Here at ALL THINGS CONSIDERED, we don't normally tell you about local weather. But today we came across one extraordinary forecast. According to the National Weather Service Web page, the weather in San Jose, California, this coming weekend look to be, let's say, inclement - a bone chilling negative 30,000 Fahrenheit.

And combine that with a 30,000 percent chance of precipitation. It sounded like a weekend south of the San Francisco Bay when you'd be better off staying indoors. We spoke with the forecaster at the National Weather Service office who assured us that this was not the actual forecast for this weekend. He chocked the error up to a computer glitch during the graveyard shift.
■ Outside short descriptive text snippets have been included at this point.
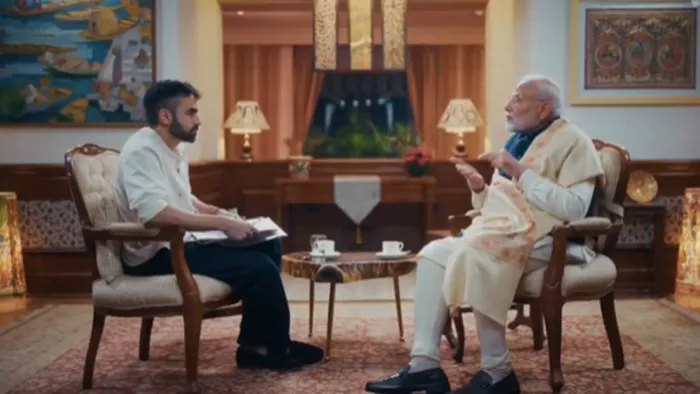 पीएम मोदी ने जेरोधा के सह-संस्थापक निखिल कामथ के साथ बातचीत की।(फोटो सोर्स: सोशल मीडिया)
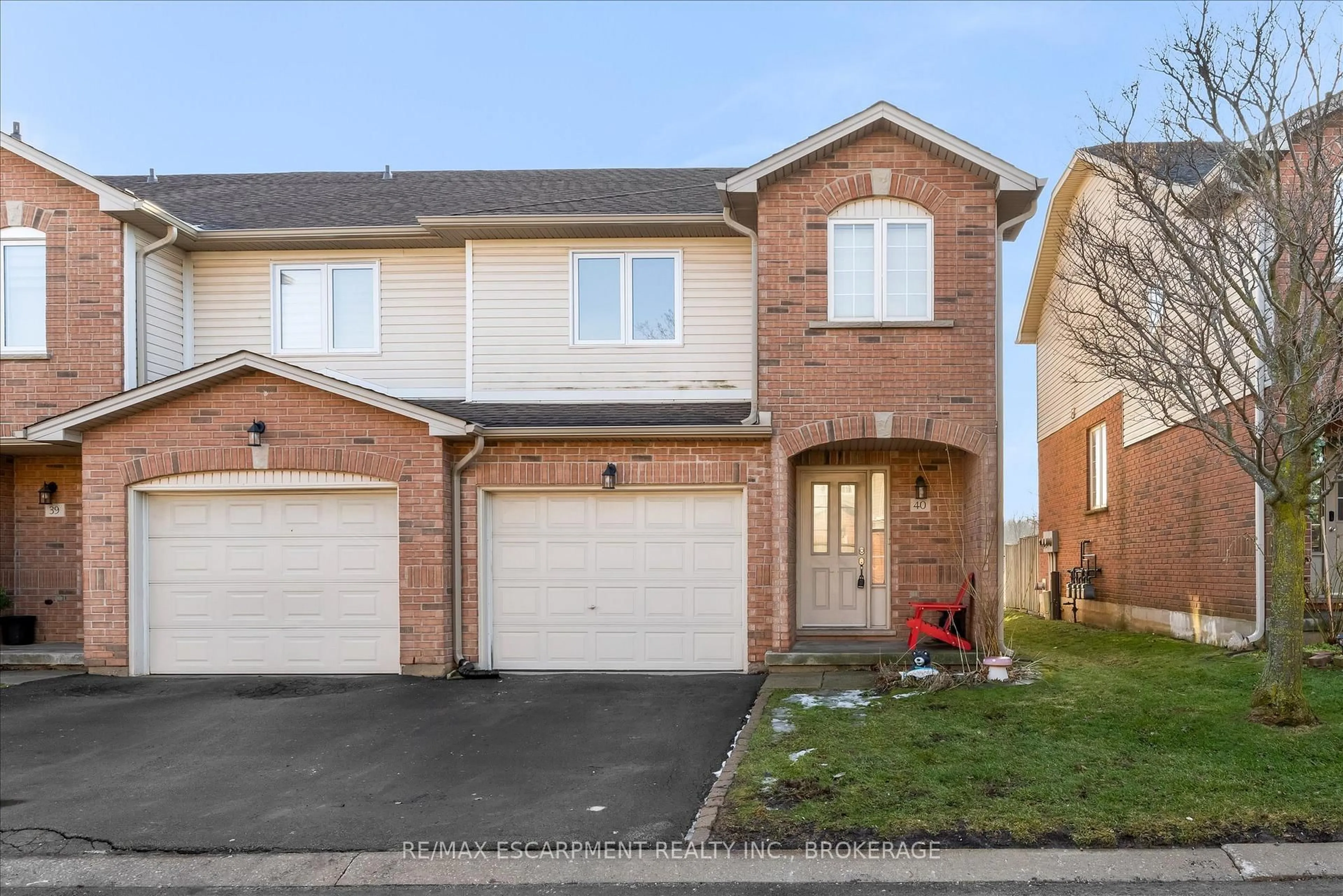Home with brick exterior material, street for 800 Paramount Dr #40, Hamilton Ontario L8J 3V8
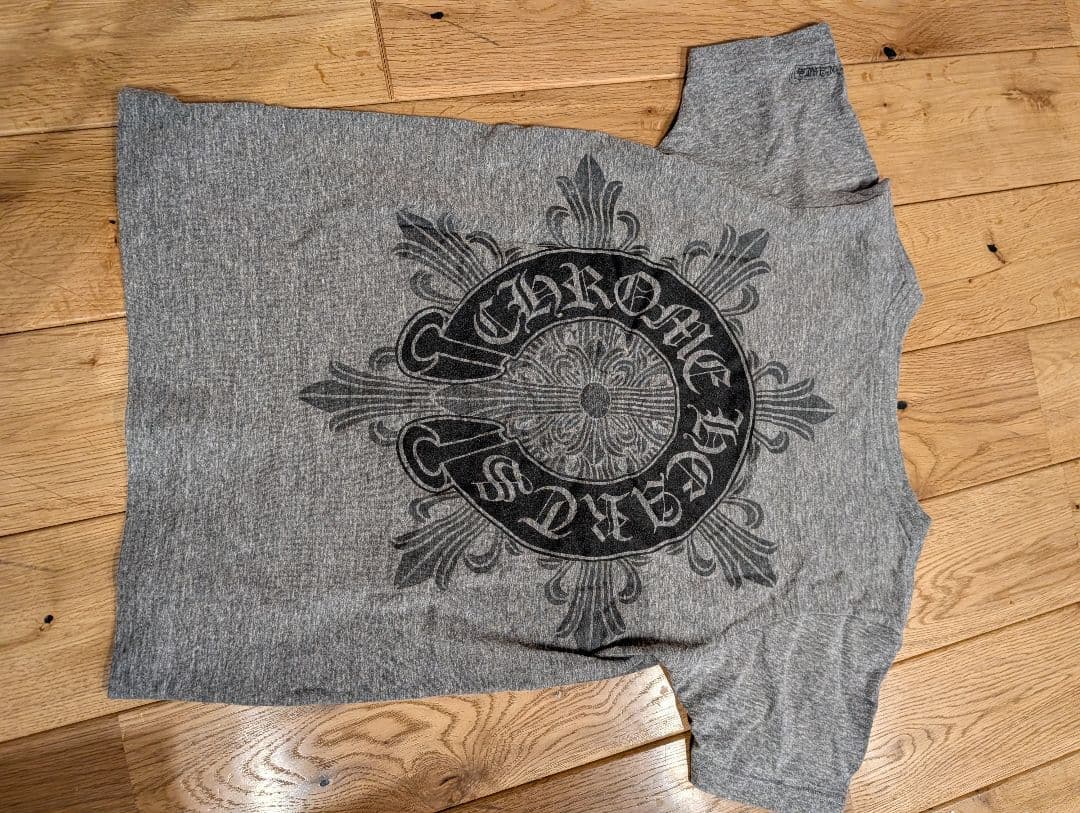 Chrome Hearts グレー Vネック Tシャツ　メンズxs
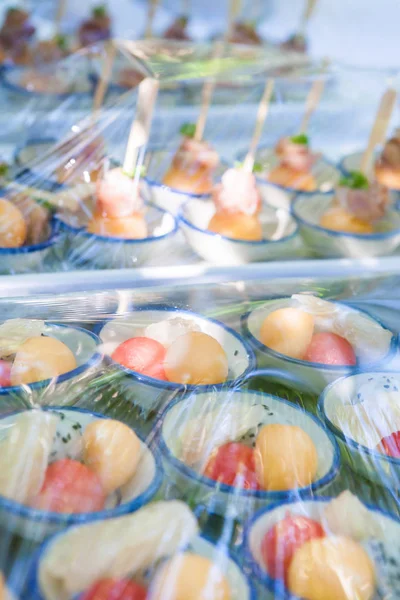 Canape Décoration Aliments Qui Sont Enveloppés Une Pellicule Plastique Préparée — Photo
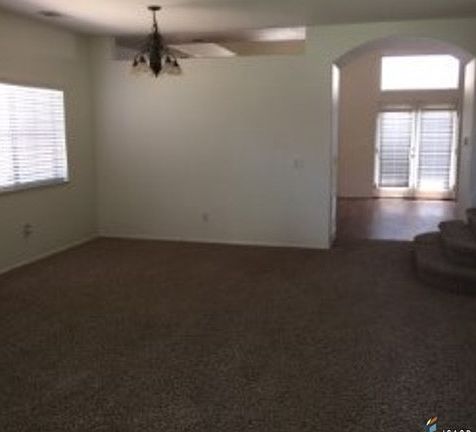 2nd image of 903 Manzanita Dr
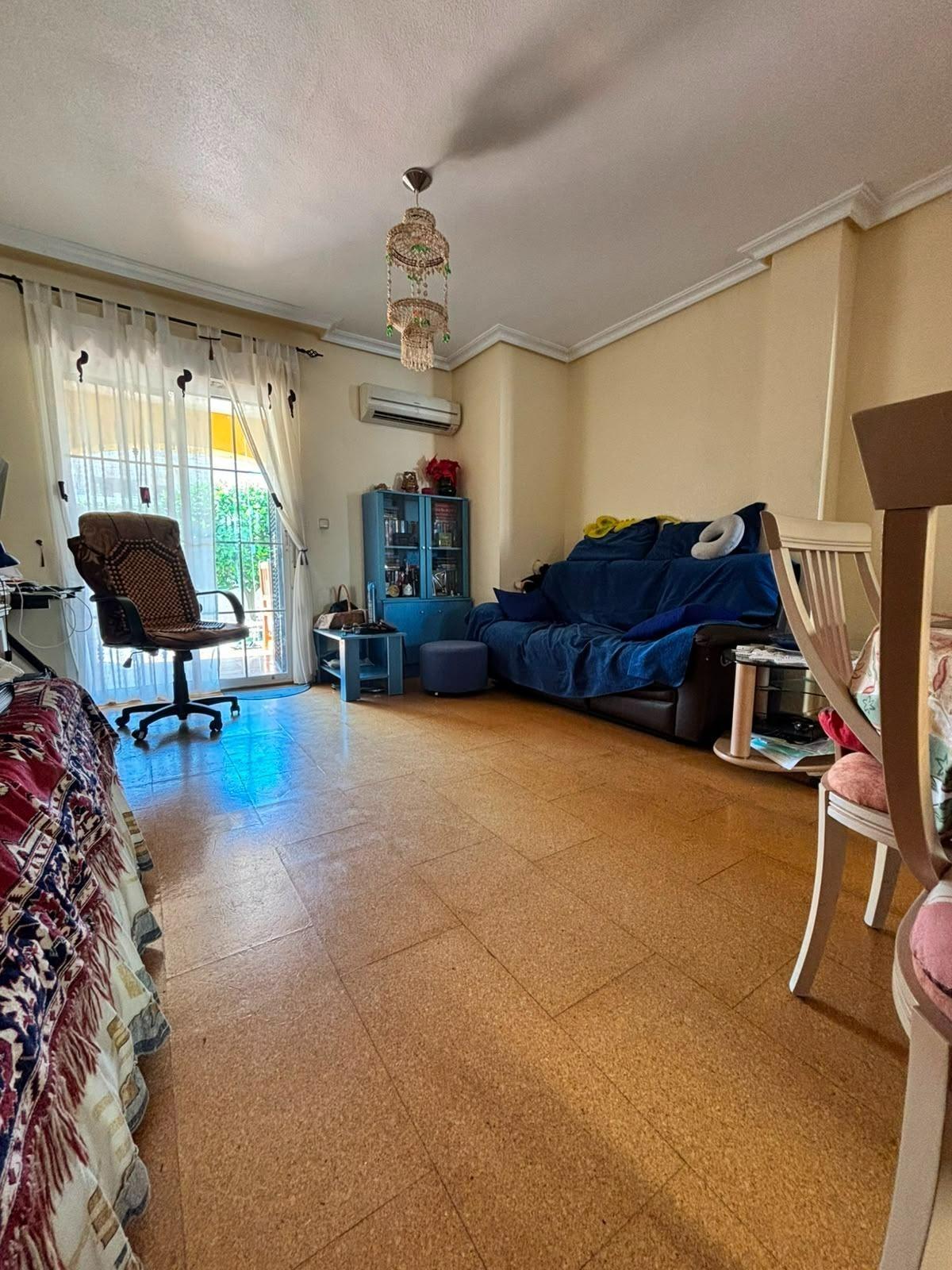 PŘÍZEMNÍ BUNGALOV SE 2 LOŽNICEMI, SOUKROMOU ZAHRADOU A PARKOVÁNÍM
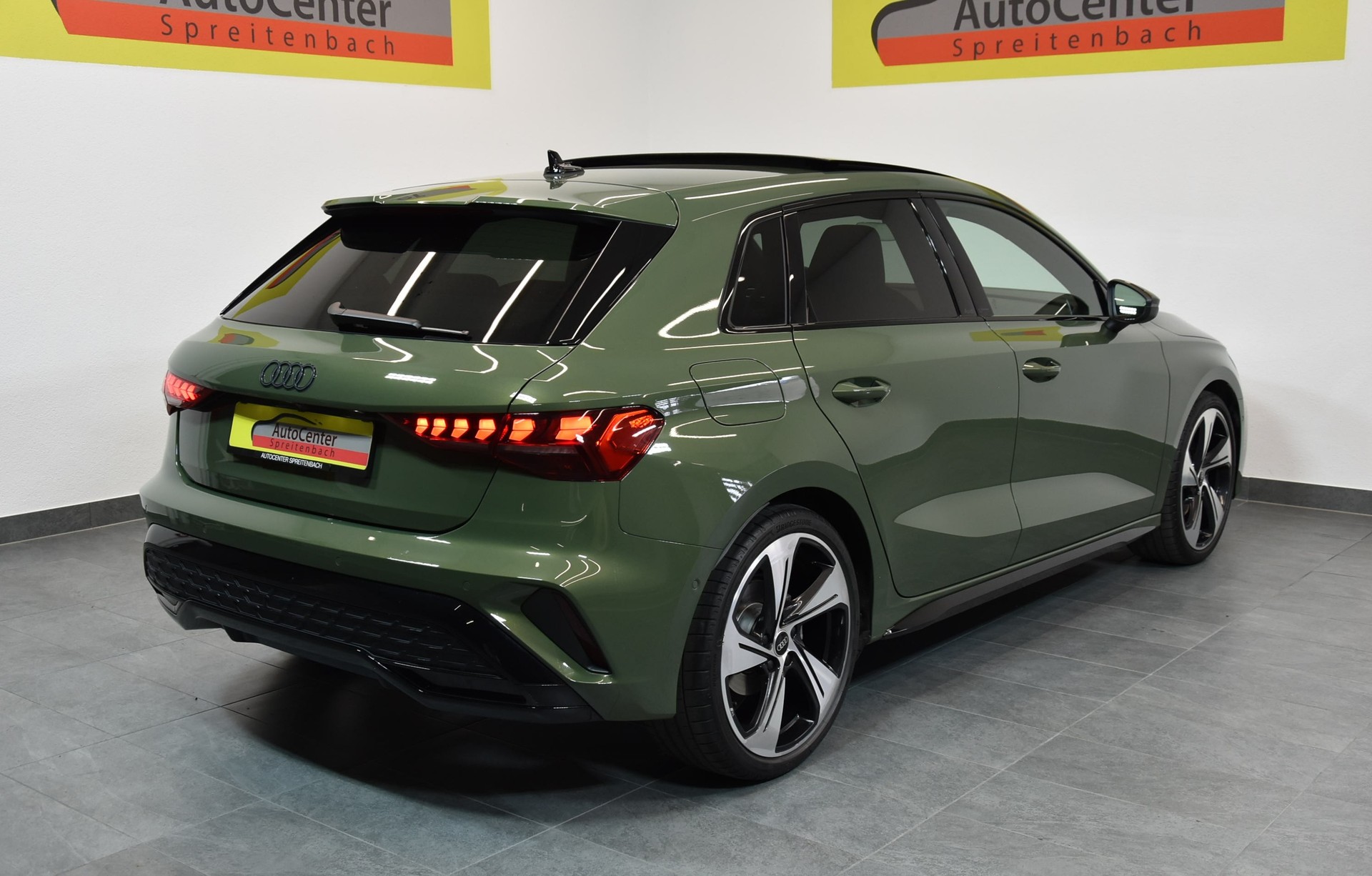 AUDI A3 Sportback 35 TFSI S line Attraction S-tronic-image-11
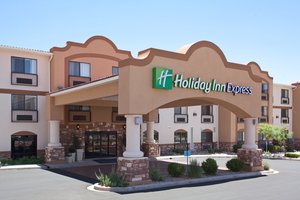 moab inn express holiday suites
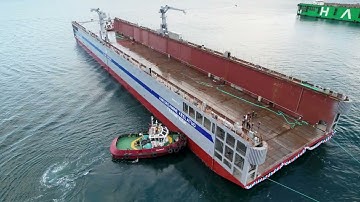 180M- LONG FLOATING DOCK for BLRT Repair Yards in Tallinn TOUCHES WATER FOR THE FIRST TIME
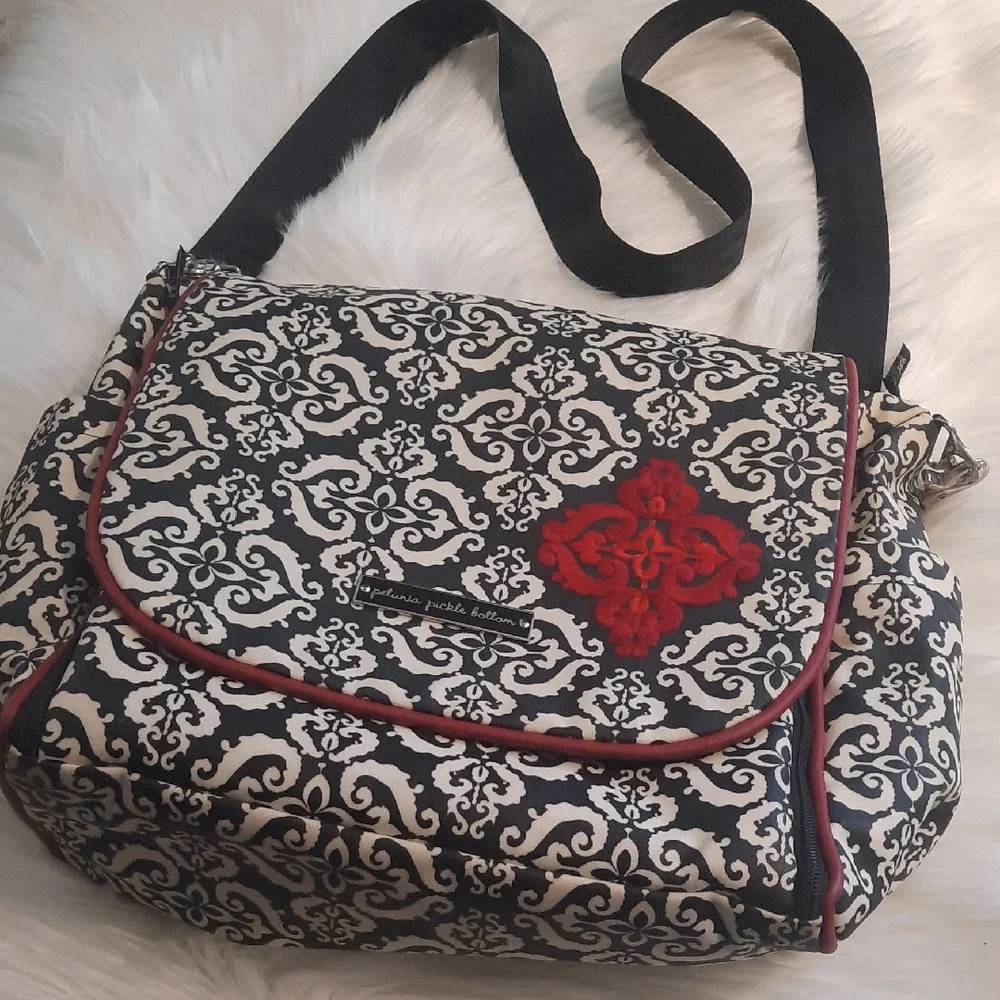 Elegant Black and White Patterned Petunia Pickle Bottom Tote Bag/diaper Bag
But we couldn't help but wonder, what would weather like that mean for the San Jose area?

Well, Alison Bridger is chair of the meteorology department at San Jose State University.

ALISON BRIDGER: The coldest temperature in San Jose I've seen is about 17 Fahrenheit.

SIEGEL: She told us that the temperature anywhere near 30,000 below zero, would obviously be record breaking, but there wouldn't be anyone around to record the record.

BRIDGER: We'd be unconscious and dead long before it got that cold. I shutter to think. I mean, everything would freeze up obviously, and the atmosphere would condense out. There'd be nothing to breathe.

SIEGEL: Alison Bridger said the actual weather right now in San Jose isn't a picnic either.

BRIDGER: The big event that's going on tonight is the high winds that we've experiencing and various pieces of garden furniture flying by. And we have a small dog and we don't dare let her out. She might blow away.

SIEGEL: But despite the wind chill, it not going to get anywhere near negative 30,000 degrees this weekend, which is good news to Paul Grant.

PAUL GRANT: My son and I are going skiing tomorrow and we're hoping for cold weather, but not really that cold. I mean, that's a real howler.

SIEGEL: Mr. Grant is a visiting scholar of applied physics at Stanford University and he lives in San Jose.

GRANT: To have a temperature of minus 30,000 degrees Fahrenheit would violently violate all the known laws of physics.

SIEGEL: And even at the more temperate absolute zero, skiing wouldn't be very fun.

GRANT: Well, that's true. And it is thermodynamically impossible to lower the temperature of anything to absolute zero. It would take all the energy of the universe and in a refrigerator to get there. And just for the record, Steve Anderson of the National Weather Service in Monterey, California, gladly gave us this weekend's actual outlook.

STEVE ANDERSON: And the forecast for the remaining of the weekend, through the weekend, overnight lows are ranged from 40 to 45 degrees.